──────── Data in this exercise

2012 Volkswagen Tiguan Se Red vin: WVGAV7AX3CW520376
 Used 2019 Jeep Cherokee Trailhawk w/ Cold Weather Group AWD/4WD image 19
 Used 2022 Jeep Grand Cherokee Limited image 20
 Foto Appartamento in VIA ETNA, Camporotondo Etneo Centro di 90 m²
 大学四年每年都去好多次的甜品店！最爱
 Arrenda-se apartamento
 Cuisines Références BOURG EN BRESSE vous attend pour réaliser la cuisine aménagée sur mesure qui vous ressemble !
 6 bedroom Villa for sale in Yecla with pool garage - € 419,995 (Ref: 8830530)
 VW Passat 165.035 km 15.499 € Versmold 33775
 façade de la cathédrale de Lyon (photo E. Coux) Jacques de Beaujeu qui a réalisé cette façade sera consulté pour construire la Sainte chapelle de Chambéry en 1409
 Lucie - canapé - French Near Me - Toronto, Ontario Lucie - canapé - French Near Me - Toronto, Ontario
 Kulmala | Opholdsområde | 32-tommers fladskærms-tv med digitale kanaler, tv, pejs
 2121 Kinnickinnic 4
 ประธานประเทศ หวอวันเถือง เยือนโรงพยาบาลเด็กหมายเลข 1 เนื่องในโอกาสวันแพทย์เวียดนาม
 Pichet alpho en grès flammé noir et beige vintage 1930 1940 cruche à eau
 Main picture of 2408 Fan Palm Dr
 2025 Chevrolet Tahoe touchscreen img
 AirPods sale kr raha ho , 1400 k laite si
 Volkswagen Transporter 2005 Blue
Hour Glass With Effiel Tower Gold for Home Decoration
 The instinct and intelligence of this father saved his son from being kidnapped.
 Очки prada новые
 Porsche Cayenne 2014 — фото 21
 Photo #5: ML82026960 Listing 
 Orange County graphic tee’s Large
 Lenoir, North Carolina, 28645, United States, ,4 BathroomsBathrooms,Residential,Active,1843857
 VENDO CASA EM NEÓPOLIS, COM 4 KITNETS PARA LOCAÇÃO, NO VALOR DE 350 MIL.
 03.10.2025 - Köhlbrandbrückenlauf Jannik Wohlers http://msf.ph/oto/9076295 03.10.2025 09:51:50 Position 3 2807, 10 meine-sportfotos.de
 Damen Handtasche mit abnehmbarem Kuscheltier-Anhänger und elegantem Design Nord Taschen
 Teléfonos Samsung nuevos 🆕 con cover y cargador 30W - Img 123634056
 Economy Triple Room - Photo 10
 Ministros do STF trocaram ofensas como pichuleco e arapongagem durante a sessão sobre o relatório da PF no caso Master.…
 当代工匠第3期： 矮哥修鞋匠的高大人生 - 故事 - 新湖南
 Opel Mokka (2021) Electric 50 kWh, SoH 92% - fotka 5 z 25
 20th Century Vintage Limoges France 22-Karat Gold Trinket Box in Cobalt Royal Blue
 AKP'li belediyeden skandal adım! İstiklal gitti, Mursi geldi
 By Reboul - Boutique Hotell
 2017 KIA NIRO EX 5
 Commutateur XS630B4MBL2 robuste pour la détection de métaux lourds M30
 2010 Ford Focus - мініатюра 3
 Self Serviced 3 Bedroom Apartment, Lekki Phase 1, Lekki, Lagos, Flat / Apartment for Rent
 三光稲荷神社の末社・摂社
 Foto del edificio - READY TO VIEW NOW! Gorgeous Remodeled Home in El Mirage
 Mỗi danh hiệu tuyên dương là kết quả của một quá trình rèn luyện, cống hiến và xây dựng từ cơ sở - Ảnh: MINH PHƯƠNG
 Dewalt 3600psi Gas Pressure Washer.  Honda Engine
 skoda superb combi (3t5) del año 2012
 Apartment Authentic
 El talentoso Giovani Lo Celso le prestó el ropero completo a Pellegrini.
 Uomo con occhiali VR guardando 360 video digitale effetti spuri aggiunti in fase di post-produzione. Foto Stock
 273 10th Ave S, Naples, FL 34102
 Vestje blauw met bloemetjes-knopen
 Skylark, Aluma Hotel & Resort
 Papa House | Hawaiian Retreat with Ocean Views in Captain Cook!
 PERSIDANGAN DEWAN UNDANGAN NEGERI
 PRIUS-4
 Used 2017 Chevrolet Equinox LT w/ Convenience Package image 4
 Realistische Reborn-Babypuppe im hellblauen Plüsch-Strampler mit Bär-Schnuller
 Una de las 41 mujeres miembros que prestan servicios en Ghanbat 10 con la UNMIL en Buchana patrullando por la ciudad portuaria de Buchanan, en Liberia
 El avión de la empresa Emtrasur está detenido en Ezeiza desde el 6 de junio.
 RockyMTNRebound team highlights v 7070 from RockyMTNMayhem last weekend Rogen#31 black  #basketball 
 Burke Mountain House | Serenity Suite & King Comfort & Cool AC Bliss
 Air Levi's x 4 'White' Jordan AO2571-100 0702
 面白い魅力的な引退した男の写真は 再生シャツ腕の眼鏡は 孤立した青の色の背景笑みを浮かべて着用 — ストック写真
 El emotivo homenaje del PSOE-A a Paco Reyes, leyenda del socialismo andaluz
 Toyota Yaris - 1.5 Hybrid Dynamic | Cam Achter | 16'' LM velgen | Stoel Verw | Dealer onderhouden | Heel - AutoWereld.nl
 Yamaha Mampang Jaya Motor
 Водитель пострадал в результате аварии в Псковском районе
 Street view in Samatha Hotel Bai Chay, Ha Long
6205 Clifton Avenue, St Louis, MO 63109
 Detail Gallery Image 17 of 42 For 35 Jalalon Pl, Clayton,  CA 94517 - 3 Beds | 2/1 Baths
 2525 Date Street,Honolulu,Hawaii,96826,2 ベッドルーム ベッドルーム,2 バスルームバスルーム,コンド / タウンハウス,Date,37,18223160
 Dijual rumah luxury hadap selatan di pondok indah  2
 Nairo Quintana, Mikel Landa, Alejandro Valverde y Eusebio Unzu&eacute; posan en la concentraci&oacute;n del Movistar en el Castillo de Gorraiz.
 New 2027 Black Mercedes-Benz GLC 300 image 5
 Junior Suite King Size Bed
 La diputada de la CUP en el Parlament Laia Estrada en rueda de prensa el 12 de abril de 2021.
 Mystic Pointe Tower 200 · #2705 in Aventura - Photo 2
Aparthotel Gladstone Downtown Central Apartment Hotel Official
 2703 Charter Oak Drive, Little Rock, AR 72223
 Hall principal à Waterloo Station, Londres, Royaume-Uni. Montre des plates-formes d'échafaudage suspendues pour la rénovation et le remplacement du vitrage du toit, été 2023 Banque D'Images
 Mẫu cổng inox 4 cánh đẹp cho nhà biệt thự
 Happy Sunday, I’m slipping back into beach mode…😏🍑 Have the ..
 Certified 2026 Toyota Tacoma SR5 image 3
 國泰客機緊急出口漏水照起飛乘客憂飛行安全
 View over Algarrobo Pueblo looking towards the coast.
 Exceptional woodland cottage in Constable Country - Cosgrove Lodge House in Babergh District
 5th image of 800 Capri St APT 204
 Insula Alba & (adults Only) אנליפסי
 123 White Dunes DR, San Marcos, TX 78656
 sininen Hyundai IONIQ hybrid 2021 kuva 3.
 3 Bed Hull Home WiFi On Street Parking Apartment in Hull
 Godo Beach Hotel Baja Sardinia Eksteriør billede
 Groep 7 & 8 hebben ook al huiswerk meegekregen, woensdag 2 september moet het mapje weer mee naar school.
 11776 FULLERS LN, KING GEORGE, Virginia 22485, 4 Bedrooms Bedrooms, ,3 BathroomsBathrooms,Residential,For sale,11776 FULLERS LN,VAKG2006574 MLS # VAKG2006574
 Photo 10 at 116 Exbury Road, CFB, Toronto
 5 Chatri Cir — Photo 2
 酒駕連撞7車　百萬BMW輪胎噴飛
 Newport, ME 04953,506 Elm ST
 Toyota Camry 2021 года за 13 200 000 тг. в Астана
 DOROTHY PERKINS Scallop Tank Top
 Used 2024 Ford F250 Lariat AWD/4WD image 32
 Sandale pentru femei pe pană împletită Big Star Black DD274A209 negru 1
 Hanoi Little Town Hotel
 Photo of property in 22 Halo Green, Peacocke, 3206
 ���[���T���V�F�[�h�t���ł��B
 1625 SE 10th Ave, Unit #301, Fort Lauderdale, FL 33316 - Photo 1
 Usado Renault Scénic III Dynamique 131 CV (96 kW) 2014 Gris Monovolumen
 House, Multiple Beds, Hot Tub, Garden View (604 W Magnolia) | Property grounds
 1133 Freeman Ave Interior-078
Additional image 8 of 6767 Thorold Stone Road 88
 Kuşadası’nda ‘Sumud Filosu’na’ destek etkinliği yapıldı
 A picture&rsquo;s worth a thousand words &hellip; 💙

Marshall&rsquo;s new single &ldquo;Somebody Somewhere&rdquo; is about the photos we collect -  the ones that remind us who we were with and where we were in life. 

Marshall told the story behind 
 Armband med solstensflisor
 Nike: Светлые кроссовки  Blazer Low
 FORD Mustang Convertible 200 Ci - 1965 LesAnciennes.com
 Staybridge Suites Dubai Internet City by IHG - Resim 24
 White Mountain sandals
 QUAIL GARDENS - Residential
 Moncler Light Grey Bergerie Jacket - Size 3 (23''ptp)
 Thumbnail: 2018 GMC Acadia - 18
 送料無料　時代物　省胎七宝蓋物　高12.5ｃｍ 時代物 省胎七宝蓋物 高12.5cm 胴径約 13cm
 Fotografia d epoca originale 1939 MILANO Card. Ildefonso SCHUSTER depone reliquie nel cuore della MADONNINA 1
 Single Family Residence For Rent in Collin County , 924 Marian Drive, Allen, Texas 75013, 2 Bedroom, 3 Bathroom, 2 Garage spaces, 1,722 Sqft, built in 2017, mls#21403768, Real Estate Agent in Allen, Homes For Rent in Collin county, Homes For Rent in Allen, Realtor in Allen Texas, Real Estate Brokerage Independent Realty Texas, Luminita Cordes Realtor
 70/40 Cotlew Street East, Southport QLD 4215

────────────────

Problem to solve: What you give back must match the material exactly, beginning with its first line and ending with the line holding "Cuisines Références BOURG".

Result for this task:
2012 Volkswagen Tiguan Se Red vin: WVGAV7AX3CW520376
 Used 2019 Jeep Cherokee Trailhawk w/ Cold Weather Group AWD/4WD image 19
 Used 2022 Jeep Grand Cherokee Limited image 20
 Foto Appartamento in VIA ETNA, Camporotondo Etneo Centro di 90 m²
 大学四年每年都去好多次的甜品店！最爱
 Arrenda-se apartamento
 Cuisines Références BOURG EN BRESSE vous attend pour réaliser la cuisine aménagée sur mesure qui vous ressemble !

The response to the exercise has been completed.